--- DATA Enclosed Below ---
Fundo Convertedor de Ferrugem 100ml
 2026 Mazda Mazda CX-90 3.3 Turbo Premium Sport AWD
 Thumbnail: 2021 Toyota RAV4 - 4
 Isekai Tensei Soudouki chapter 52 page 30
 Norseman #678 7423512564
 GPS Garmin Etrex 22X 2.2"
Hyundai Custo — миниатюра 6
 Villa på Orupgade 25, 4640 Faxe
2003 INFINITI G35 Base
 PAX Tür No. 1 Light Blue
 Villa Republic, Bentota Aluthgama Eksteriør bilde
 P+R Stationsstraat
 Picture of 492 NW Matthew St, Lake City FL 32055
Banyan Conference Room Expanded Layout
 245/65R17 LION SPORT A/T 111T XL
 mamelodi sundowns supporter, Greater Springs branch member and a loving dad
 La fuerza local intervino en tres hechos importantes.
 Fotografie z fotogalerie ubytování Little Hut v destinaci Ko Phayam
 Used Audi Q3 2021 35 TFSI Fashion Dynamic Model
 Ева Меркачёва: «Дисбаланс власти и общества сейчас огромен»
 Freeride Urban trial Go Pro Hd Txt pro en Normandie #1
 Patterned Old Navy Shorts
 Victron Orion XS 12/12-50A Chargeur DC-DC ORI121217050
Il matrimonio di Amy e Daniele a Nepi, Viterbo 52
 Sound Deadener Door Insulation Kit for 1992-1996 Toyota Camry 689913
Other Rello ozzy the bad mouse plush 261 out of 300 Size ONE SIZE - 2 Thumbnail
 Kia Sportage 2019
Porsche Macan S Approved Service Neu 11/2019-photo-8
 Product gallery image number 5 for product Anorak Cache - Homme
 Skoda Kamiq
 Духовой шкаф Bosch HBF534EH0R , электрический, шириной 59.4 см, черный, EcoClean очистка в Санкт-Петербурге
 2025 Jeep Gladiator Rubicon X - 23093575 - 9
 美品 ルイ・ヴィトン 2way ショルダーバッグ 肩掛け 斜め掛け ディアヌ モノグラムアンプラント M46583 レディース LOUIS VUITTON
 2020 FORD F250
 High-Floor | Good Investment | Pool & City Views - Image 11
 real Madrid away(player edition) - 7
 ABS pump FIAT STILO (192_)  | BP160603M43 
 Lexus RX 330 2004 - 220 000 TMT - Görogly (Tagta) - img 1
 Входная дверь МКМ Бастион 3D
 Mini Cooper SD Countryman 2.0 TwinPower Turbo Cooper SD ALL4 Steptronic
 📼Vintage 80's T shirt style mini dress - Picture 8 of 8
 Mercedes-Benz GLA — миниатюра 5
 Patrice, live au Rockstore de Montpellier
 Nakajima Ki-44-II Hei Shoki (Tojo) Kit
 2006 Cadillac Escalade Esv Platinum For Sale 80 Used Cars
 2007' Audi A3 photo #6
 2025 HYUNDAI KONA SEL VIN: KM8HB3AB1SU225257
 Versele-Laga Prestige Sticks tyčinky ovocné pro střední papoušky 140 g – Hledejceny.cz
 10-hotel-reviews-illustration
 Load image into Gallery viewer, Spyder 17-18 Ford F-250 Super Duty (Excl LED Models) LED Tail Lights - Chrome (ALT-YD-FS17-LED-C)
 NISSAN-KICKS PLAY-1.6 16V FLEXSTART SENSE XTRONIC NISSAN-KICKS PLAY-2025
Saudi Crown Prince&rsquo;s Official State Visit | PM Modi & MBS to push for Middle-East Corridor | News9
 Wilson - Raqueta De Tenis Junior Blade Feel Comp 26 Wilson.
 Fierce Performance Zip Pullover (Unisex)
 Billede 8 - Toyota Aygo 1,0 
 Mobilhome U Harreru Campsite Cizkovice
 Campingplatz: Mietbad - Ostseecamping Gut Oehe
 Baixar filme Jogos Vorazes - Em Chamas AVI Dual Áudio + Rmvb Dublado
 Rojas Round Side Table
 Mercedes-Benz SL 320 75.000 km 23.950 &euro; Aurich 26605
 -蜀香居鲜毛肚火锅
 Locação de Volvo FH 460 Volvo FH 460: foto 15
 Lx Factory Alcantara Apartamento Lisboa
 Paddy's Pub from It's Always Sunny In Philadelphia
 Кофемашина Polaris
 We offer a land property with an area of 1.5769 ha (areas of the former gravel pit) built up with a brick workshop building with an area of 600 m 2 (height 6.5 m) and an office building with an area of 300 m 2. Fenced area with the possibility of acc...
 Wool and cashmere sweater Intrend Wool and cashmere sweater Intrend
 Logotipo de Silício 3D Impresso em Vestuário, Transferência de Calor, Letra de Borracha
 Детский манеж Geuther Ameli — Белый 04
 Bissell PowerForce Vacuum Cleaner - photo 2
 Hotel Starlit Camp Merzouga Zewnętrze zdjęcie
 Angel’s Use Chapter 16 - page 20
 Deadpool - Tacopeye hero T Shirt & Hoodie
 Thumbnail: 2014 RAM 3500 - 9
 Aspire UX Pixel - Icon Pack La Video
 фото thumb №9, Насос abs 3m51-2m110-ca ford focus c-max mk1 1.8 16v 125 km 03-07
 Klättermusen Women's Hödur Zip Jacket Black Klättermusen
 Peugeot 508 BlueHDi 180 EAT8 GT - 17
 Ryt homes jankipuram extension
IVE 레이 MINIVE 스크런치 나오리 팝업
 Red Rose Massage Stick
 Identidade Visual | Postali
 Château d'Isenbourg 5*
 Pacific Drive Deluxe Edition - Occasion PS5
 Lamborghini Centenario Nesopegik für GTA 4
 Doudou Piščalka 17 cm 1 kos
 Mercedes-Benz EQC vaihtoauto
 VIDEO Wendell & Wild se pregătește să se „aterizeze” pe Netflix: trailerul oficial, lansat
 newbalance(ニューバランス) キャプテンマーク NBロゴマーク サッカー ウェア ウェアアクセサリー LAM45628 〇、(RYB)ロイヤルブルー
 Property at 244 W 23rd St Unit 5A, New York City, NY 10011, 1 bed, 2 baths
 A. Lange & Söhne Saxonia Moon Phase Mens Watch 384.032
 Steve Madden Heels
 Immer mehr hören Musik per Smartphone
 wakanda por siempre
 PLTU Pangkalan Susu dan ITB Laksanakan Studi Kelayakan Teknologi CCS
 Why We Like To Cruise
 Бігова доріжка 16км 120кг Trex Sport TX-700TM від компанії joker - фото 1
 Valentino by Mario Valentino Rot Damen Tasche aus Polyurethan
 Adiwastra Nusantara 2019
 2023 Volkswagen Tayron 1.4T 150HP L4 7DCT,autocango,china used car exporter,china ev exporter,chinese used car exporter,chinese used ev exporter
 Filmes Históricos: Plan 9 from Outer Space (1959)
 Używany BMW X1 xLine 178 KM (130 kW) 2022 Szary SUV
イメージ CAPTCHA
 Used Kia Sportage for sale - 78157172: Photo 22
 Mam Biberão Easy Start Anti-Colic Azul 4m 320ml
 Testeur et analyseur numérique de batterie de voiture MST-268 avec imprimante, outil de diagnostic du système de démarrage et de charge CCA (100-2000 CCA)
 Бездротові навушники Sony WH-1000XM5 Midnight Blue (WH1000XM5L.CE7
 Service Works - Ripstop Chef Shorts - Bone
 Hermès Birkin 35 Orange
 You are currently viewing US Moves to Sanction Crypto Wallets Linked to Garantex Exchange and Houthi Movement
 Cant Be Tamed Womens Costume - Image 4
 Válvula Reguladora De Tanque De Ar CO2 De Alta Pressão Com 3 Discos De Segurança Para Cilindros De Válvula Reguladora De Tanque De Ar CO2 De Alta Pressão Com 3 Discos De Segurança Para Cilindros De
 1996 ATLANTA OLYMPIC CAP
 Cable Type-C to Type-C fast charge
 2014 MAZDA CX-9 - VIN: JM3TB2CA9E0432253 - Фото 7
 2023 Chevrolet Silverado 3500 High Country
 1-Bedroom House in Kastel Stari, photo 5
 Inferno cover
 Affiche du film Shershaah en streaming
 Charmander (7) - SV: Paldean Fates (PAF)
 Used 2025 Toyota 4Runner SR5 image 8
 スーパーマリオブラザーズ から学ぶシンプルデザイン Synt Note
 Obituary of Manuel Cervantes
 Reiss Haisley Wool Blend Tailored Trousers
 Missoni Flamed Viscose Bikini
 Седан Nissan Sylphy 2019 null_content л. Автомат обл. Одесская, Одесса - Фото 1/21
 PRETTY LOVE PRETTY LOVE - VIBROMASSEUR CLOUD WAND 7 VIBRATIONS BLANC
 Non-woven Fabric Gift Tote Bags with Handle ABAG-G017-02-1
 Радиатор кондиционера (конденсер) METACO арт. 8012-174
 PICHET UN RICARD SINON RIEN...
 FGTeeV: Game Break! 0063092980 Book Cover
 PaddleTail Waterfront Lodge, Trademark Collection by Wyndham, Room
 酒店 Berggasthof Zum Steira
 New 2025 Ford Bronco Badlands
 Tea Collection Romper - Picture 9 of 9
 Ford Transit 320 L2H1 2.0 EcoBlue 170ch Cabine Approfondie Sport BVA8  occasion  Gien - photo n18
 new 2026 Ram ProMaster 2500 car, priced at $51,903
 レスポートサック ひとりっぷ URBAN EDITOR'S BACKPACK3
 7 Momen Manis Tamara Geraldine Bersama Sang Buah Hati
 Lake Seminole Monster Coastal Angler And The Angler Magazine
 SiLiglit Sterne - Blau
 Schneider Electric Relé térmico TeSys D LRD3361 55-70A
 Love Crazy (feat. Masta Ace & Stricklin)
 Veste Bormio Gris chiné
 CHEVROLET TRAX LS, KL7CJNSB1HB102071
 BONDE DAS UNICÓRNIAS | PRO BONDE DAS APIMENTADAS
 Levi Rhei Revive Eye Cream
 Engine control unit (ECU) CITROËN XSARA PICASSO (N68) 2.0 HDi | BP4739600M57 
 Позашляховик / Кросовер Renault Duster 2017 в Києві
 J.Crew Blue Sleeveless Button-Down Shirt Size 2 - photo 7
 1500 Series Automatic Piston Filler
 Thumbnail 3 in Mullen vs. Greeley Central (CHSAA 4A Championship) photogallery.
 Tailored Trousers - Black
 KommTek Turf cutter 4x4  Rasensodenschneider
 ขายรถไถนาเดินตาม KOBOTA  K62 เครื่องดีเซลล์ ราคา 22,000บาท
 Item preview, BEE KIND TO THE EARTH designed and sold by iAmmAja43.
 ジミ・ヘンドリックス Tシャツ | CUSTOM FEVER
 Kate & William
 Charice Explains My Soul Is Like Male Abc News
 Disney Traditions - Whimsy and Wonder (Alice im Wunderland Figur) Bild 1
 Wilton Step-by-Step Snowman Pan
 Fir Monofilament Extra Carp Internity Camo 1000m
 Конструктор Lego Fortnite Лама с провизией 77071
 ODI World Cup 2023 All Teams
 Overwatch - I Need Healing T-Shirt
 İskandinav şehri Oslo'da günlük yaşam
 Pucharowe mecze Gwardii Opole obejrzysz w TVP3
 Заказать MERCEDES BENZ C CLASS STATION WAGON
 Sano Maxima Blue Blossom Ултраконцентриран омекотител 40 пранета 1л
--- End of Enclosed DATA ---
### [PROBLEM]
Please, from the entries above, set down exactly the lines from the one containing "mamelodi sundowns supporter, Greater" through the one containing "Other Rello ozzy", and only those.

### [TASK ANSWER]
 mamelodi sundowns supporter, Greater Springs branch member and a loving dad
 La fuerza local intervino en tres hechos importantes.
 Fotografie z fotogalerie ubytování Little Hut v destinaci Ko Phayam
 Used Audi Q3 2021 35 TFSI Fashion Dynamic Model
 Ева Меркачёва: «Дисбаланс власти и общества сейчас огромен»
 Freeride Urban trial Go Pro Hd Txt pro en Normandie #1
 Patterned Old Navy Shorts
 Victron Orion XS 12/12-50A Chargeur DC-DC ORI121217050
Il matrimonio di Amy e Daniele a Nepi, Viterbo 52
 Sound Deadener Door Insulation Kit for 1992-1996 Toyota Camry 689913
Other Rello ozzy the bad mouse plush 261 out of 300 Size ONE SIZE - 2 Thumbnail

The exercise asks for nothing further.